So began what became a series of “musical barns.” We tried them in the sheep barn first, but they were a bit too rough for our elderly sheep. We tried mingling them with several of our established goat groups, but they were butting heads. As the “new guys,” they were the often bullied. We watched on like nervous parents.
We decided it was best to give Taylor and Reiman space to themselves for the winter where they could be fully relaxed and continue feeling more at ease at the sanctuary. They began letting their guard down and would run and play in our presence, leaping from the boulders in their pasture and headbutting each other as goats love to do.
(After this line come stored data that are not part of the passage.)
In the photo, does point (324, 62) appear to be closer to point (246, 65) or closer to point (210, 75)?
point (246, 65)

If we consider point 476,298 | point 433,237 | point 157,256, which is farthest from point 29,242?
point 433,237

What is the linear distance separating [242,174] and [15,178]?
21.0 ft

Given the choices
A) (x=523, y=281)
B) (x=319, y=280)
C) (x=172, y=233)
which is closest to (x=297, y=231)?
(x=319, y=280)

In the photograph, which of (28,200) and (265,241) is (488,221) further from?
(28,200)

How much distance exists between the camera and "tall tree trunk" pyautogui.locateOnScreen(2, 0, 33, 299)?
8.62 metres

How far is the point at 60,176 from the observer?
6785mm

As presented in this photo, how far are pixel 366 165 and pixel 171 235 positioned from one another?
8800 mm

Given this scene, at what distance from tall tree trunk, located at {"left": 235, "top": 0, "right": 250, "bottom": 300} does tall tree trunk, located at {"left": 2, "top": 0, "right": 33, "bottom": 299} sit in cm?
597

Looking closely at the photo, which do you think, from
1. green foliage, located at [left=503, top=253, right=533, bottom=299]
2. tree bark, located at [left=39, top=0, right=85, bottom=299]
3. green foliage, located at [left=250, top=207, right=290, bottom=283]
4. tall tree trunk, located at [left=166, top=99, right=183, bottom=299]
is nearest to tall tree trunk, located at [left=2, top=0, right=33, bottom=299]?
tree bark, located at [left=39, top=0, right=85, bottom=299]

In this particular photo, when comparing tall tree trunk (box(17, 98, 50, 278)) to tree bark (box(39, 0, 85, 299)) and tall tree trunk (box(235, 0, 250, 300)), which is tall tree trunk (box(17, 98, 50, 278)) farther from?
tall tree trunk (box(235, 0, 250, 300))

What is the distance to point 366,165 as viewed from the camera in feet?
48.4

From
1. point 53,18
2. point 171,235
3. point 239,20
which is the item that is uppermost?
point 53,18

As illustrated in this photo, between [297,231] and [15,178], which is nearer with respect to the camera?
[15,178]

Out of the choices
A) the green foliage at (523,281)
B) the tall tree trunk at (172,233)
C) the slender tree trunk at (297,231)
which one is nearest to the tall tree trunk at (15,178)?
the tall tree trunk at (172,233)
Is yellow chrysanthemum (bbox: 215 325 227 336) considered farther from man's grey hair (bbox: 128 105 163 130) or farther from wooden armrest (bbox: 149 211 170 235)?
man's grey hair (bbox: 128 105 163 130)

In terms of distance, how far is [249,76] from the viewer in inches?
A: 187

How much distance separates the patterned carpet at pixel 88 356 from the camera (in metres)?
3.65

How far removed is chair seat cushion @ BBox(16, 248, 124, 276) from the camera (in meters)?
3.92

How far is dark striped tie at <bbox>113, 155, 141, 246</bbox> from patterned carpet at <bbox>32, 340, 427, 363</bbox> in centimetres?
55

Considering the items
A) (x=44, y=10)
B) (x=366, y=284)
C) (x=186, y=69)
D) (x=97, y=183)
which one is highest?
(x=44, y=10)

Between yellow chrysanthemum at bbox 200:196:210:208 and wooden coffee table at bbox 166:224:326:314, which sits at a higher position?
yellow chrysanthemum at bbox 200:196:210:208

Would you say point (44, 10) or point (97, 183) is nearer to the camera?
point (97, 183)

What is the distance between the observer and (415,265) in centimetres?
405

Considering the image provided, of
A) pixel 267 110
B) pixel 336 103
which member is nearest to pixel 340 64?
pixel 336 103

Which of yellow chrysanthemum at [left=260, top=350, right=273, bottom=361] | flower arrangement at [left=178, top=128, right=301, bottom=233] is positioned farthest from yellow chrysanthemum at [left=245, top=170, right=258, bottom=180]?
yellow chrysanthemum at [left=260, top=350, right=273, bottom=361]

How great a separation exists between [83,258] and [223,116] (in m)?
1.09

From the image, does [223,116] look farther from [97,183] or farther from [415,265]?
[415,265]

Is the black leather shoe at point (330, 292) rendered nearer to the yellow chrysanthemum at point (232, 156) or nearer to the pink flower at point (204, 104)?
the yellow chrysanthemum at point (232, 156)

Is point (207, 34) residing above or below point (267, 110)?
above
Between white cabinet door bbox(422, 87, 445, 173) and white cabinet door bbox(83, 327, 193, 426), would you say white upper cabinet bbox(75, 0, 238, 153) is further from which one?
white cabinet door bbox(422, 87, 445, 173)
Come springtime, it was time to try them out with a group again. First, we revisited the sheep barn, where Taylor and Reiman once again displayed their Houdini-like escapist skills; we soon spotted them running around with a herd of goats! No matter what we tried—placing hay bales against the gates, and even replacing our gates with new ones—they always found a way to slip through and explore new horizons. So, we decided to honor their wishes and moved them into the goatherd, nicknamed “Roger’s group,” permanently.
Much to our befuddlement, however, they continued escaping—spending some days with one herd of goats, some days with a different herd, and some days with the sheep! The once shy pair have become the curious socialites of Farm Sanctuary.
The boys have grown so comfortable here that they often venture out alone; gone are the days where they spent every moment together. They remain bonded and prefer each other’s company best, but they will also explore on their own accord; it’s not unusual to find Taylor in one pasture, and Reiman in another! When in the sheep barn, Reiman now approaches people on tours, and cries out for attention if the petting stops.